All day Saturday was spent at a swim meet. I love swim meets, but I was totally wiped out by the end of the day. It can be like 10 hours of herding cats. Kids can be so clueless.
Anita is a twelve year old girl on our team of the clueless variety. Whenever I talk with her, I feel like, at best, she’s half there. I know that she will mature out of this, but, right now, it can be painful to deal with her.
At swim meets, I station myself in one spot of the deck where I can see the races and see that the swimmers are behind the blocks when they should be. We had about 40 swimmers there on Saturday, and four coaches, which makes for a very good ratio. There is no reason anyone should miss their event. And yet there were swimmers who did. You can guess who one of them was.
As Anita’s event came up, I started scanning the masses of kids milling around behind the blocks. I could not spot Anita.
“Where’s Anita?” I asked the coach next to me. We both stood there looking, looking, looking.
The referee blew the series of short whistles which signaled the swimmers that their event was going to start. I could feel the anxiety rising in my chest. Anita was supposed to be in lane 5, the very lane where her mother was timing. I watched her mother look at her clipboard, realize Anita should be there, and start scanning the crowd, too.
The referee blew one long whistle, the step-up command for the swimmers. No Anita.
“Take your mark,” the starter commanded and then sounded the buzzer. The swimmers dove in, the swimmers that were there, that is.

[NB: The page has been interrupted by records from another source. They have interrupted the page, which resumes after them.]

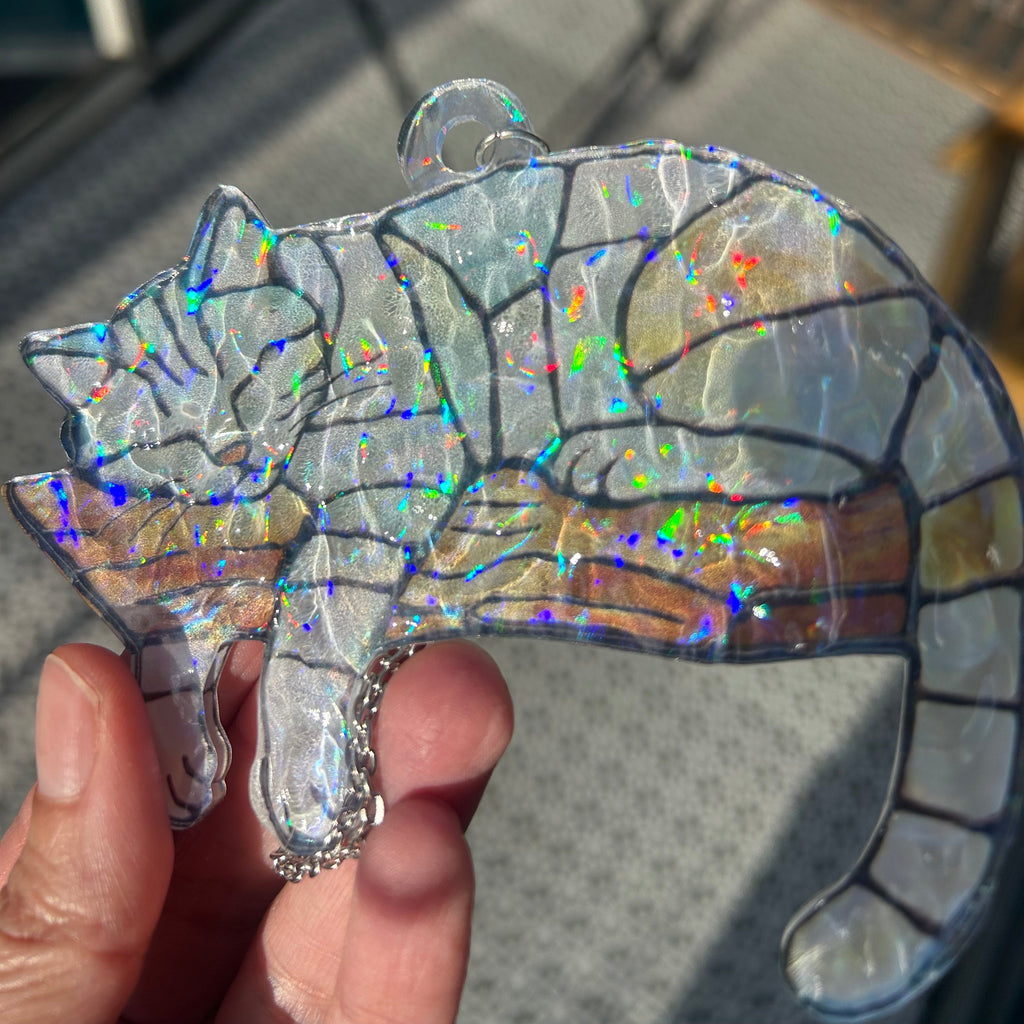 Holographic stained glass cat sleeping on a tree branch sun catcher held by a hand with a blurred background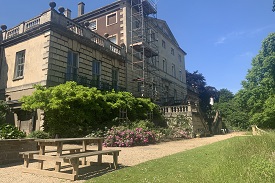 Exterior of a large four storey sandstone building. There is a garden in front of it with a bench and some steps leading up to the first floor of the building.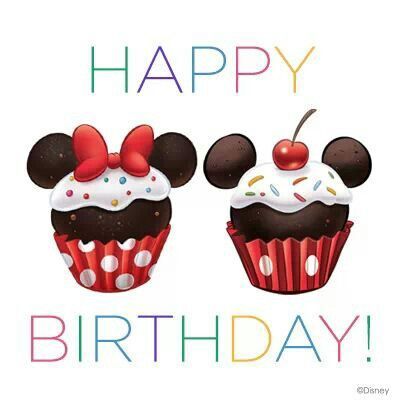 two mickey mouse cupcakes with white frosting and red bows on top, one has a cherry in the middle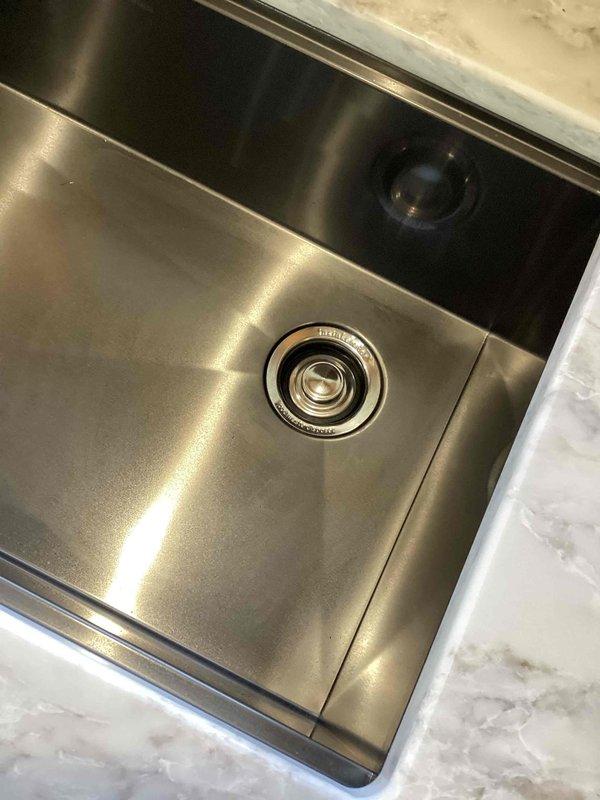 Successfully installed customer-supplied kitchen faucet, connecting to existing plumbing system. Completed setup of customer-provided under-sink reverse osmosis water filtration system and connected it to the kitchen faucet. Additional work included replacement of existing garbage disposal with customer-supplied unit, utilizing the existing electrical and plumbing connections.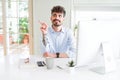 Young business man working using computer with a big smile on face, pointing with hand and finger to the side looking at the Royalty Free Stock Photo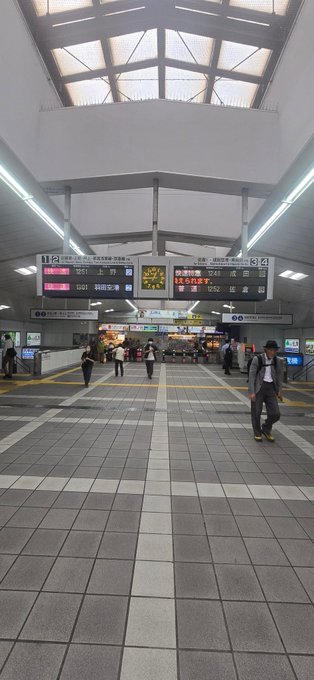 Interior view of a Japanese train station with a clock and electronic departure boards showing times like 15:01 and 15:43, with travelers walking through the tiled concourse.
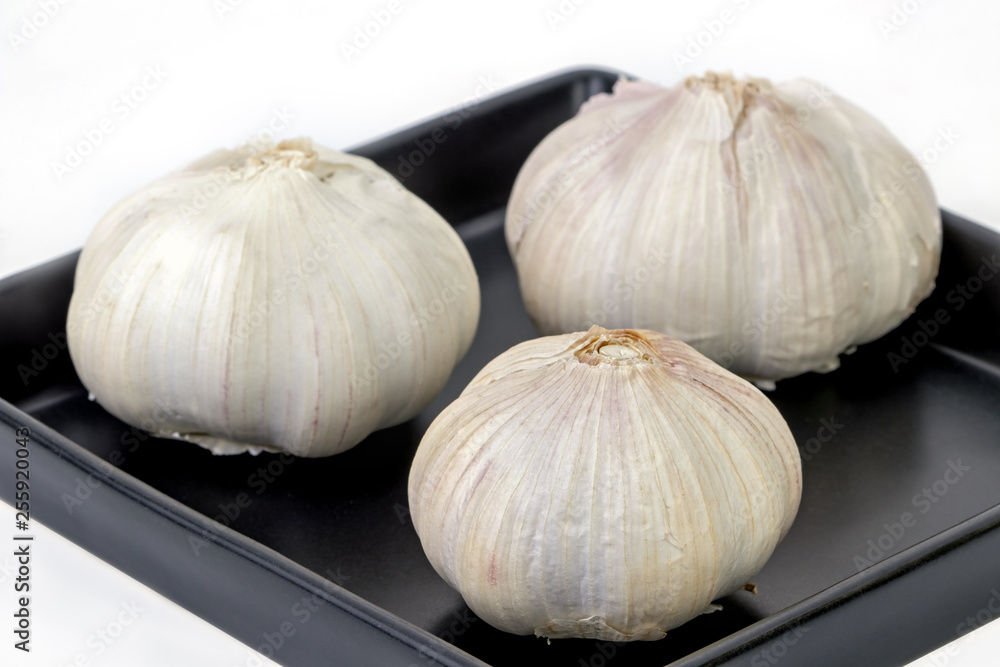 Obraz premium Raw and unpeeled garlic on balck dish on white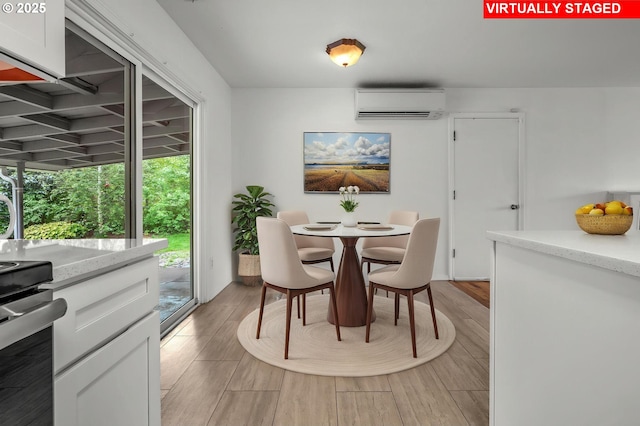 dining room featuring light wood-type flooring and a wall mounted AC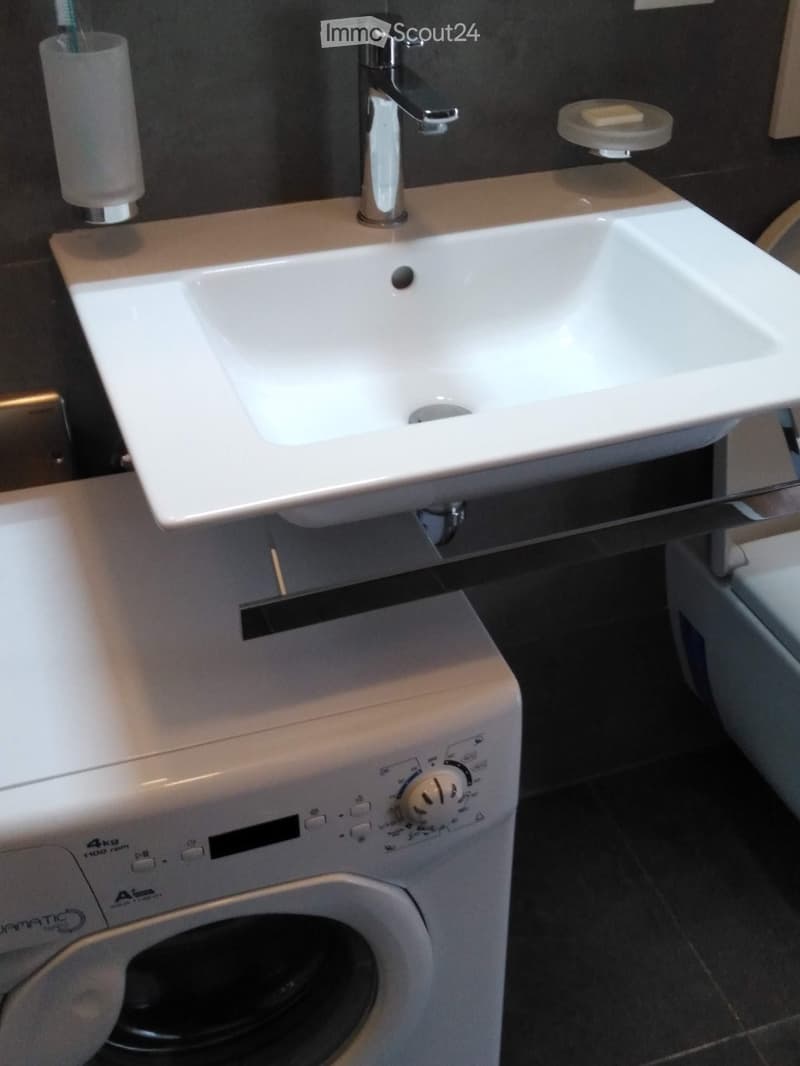 Modern bathroom with a white sink, chrome faucet, toothbrush holder, soap dish, and a white washing machine.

It was right about that point when I saw Anita, hovering near lane 1, talking to one of our coaches. She rushed over to lane 5, and judging by her mother’s hand gestures, heard something along these lines: “Where were you?! You just missed your event!”
Anita said something to her mother. Her mother looked at Anita’s hand. Then Anita was gone.

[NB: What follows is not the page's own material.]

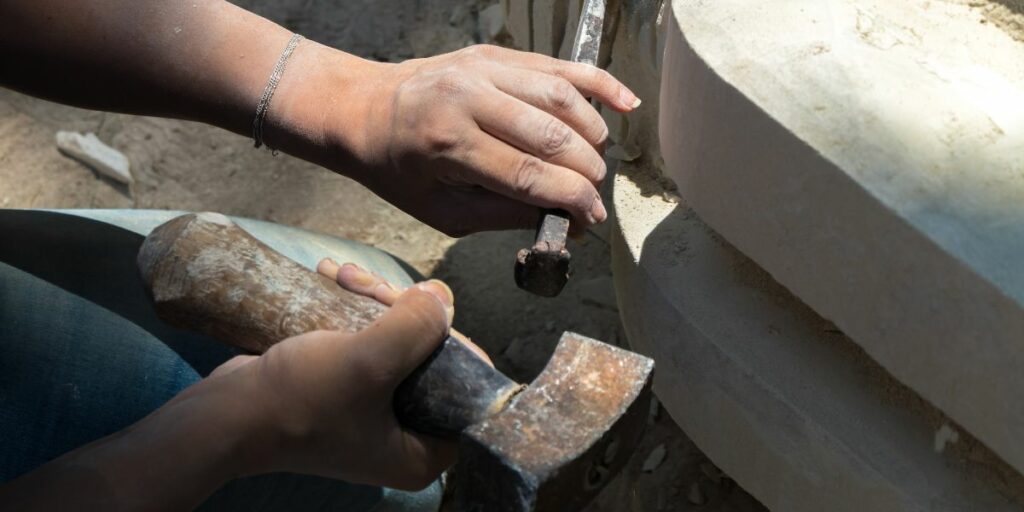 Un artisan en train de planter un clou avec un marteau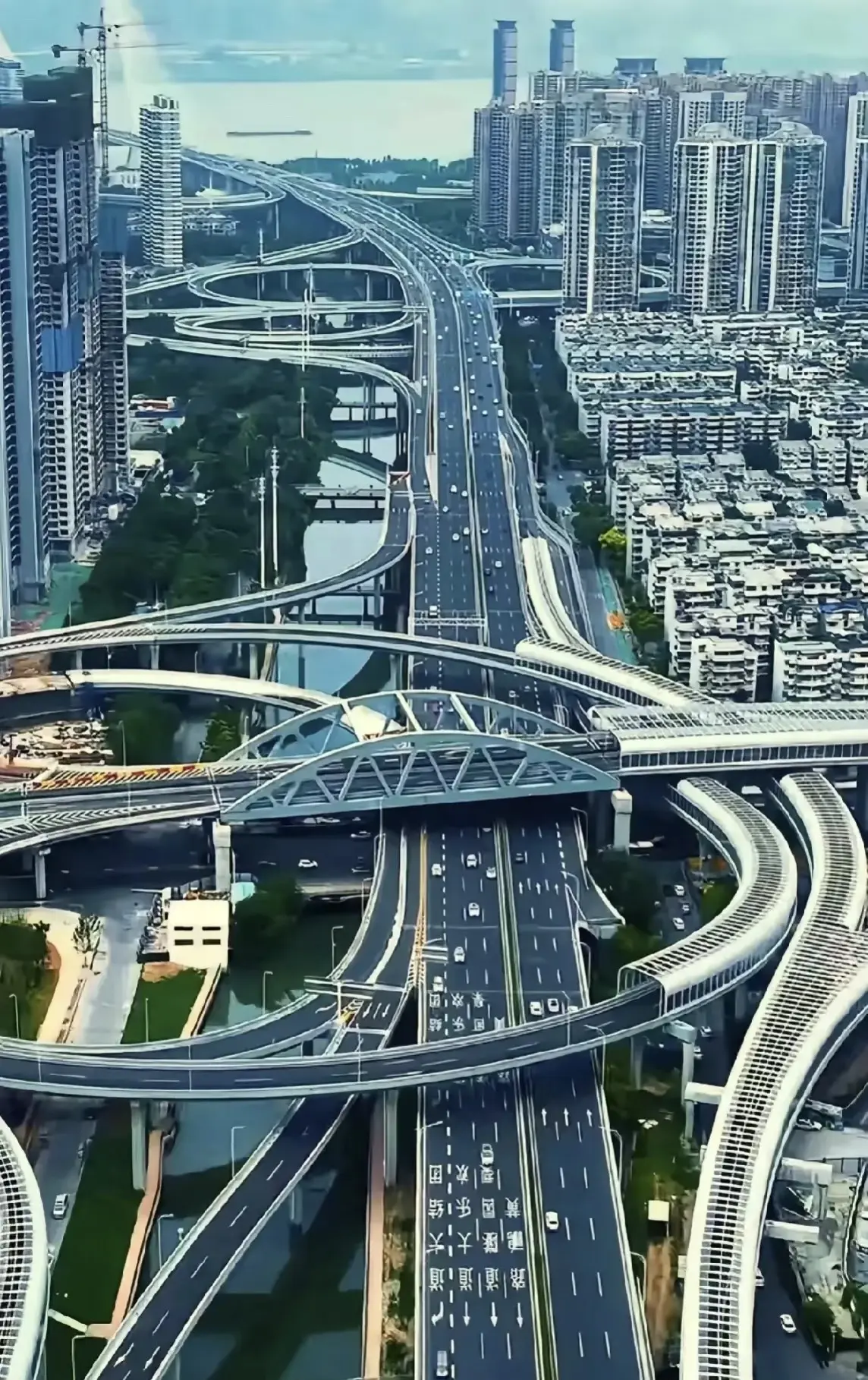 Wangjiadun Interchange in Wuhan, a five-level elevated highway interchange with curved concrete ramps spiraling around each other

About half an hour later, I saw Anita, dressed in street clothes, loitering near where the times were posted. She looked so sad, I didn’t have the heart to say anything to her. Plus, I figured that her mother was going to give her what-for for the whole car ride home.
Back on the pool deck, one of the other coaches was talking with Anita’s mother.
“It’s all my fault,” the mom was saying. “I wrote it wrong on her hand.”
Swimmers often write their events, heats, and lanes on the their hands to help them get to the right place at the right time.
“I transposed the heat and the lane,” she went. “I wrote Heat 5, Lane 1, when she should have been in Heat 1, Lane 5.”
It wasn’t Anita’s fault after all. I thought Anita’s cluelessness led to her missing the event. I was wrong. I thought Anita’s mother was upset with her for missing the event. I was wrong again. I had misread the whole thing.